Una de las grandes posibilidades que proporciona haber escuchado mucha y buena música a lo largo de la vida, además de haber vivido momentos inútiles que arrebatan pesares y añaden vida a la vida, es poder decidir qué escuchar en un momento dado para acompañar momentos de plenitud, de carencia, de tristeza, de melancolía, de alegría, de cualquiera de esos momentos que nos asaltan a los humanos y que dan cuerpo a la vida.

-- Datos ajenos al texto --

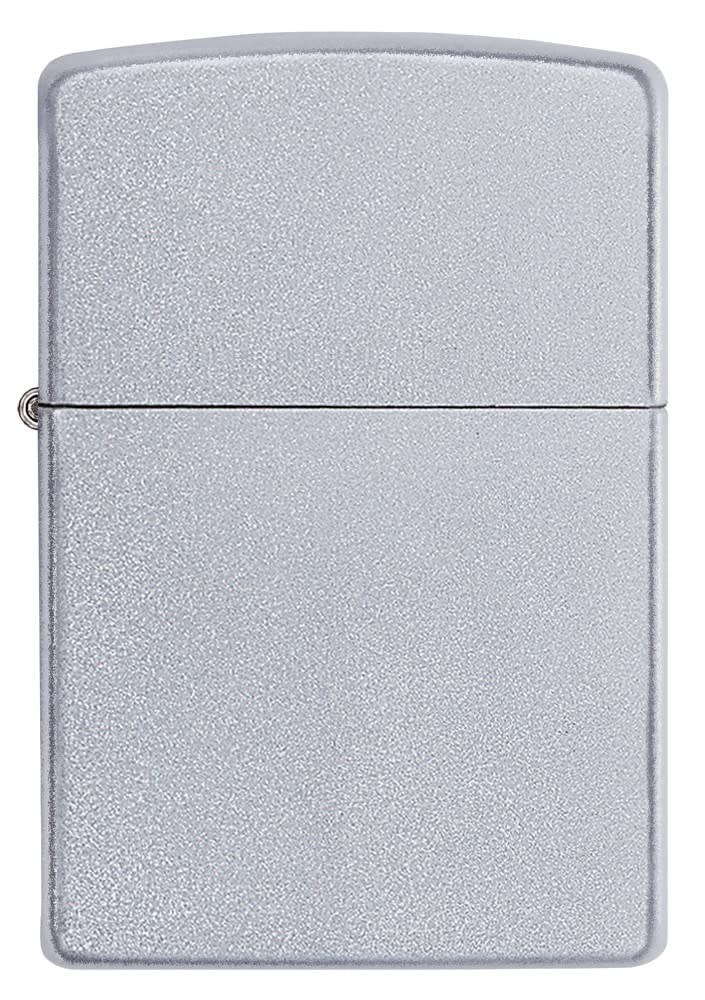 Zippo Classic Satin Chrome Pocket LighterZippo $12.92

De esa forma, una cantata de Bach puede ser buscada para momentos creativos o de organización personal, entre otros. O un cuarteto de Beethoven puede encajar perfectamente en momentos de perplejidad y dar alas para enfrentarse a la imposibilidad de solucionar las contradicciones de la vida. O un madrigal de Monteverdi nos puede enfrentar a esos instantes en que uno no sabe si decantarse por la alegría o la tristeza; su vuelo nos proporciona una cercanía y distancia de nuestros sentimientos que pueden centrar la vida en momentos inquietantes. O una canción de Schubert puede ser la mejor compañía en momentos de soledad, como ocurre con las sinfonías de Brahms o Mahler.

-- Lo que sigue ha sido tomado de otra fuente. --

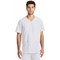 Cherokee Originals Ultra Female V-neck Scrub Top, White, Medium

Y, además, existe esa subjetividad tan nuestra que provoca que haya obras y autores que uno considera suyos, que parecen nacer de la propia sensibilidad y acariciarla de una forma única, como si sus melodías, ritmos y armonías solo existieran para uno mismo, para saber lo que es el placer en su mayor amplitud, contando con todos los sentimientos y pensamientos que lo conforman a uno, por muy contradictorios que puedan resultar, como ocurre en mi caso con las obras de todo tipo y condición de Vivaldi o Shostakovich.